By "load sharing" I presume you mean some sort of TDM where you have n real lines and every n'th packet goes out on any particular line. I suppose this would be even simpler to do at the byte level if we assume that all n lines go to the same endpoint.
Or do you mean something different?
There's one nice thing about the brick wall we're headed for, and that's that it'll nail every part of our system simultaneously. We're running out of bus bandwidth, link capacity, route memory, and human brain power for keeping it all straight -- and we'll probably hit all the walls in the same week. But no, to answer your question, I mean something different. Ganging links and doing reverse aggregation would still require unifying the flows inside each switching center. (ATM avoids this by only putting the flows back together at endpoints.) One important wall we're about to hit is in the capacity of the switching centers (routers). It's not just DS3 that's not enough; if I ask a Cisco 75xx to route among four OC12*'s it'll up and die.

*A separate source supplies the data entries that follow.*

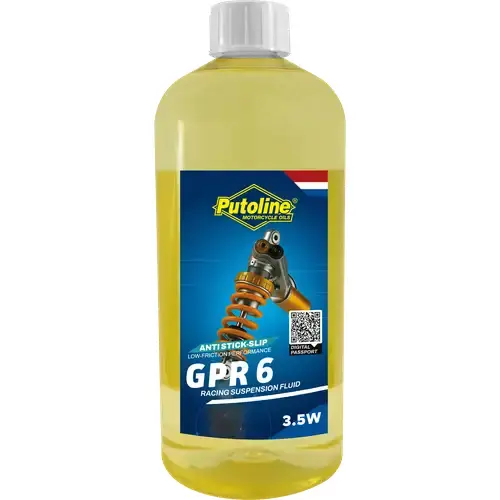 PUTOLINE olej do centrálního tlumiče MONOSHOCK GPR 6 3.5W 1L (AKC) (PUTOLINE olej do centrálního tlumiče MONOSHOCK GPR 6 3.5W 1L (AKC))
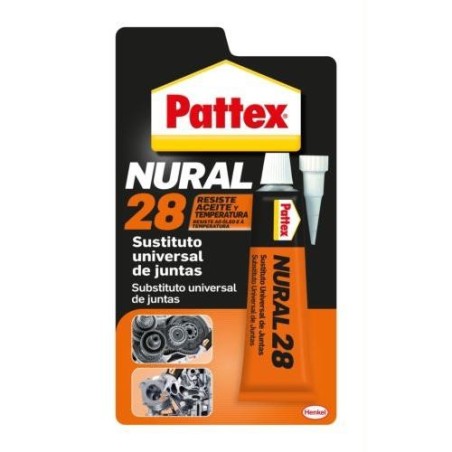 TUBO SILICONA 40 ML. NURAL-28  1755255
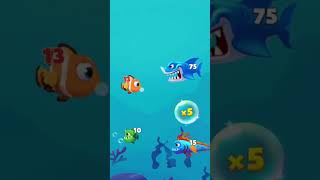 Save The Fish game 25  game pull the pin fish trendinggame trendingmusic [upl. by Eidda900]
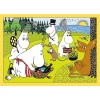 Puzzles - "4in1" - Moomin happy day / Moomins [34368]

The boxes who are doing well at higher bit rates are the ones who don't do anything complicated. Thus the GIGAswitch and the Cascade, which each do their (limited) jobs well even though they have many more bits flowing when they're full and busy than a 75xx can handle without getting dizzy. So, what I think I mean by static load balancing would look (at the BGP level) like a bazillion NAPs and a bazillion**2 MED's to keep local traffic local. It means doing star topologies with DS3's rather than buying a virtual star via SMDS or FR or ATM from some company who doesn't have a physical star to implement it with. This assumes that we can handle 100 or 500 views of 30,000 routes inside a commonly occuring switching center. Right now we can't. If pressured, I think Sean would admit that this is at the root of his desire for "CIDR uber alles" and a six-entry routing table in his core routers. I don't consider that goal achievable for IPv4 and the allocation plans I've seen for IPv6 do not give me cause for hope. So we are going to see Ncubed enter the routing business with 1GB routers and 256 RP's and an SSE in every IP. It will cost $1M to provision a superhub and a lot of the smaller folks will just go under or become second tier customers of the few who can afford to run a defaultless core.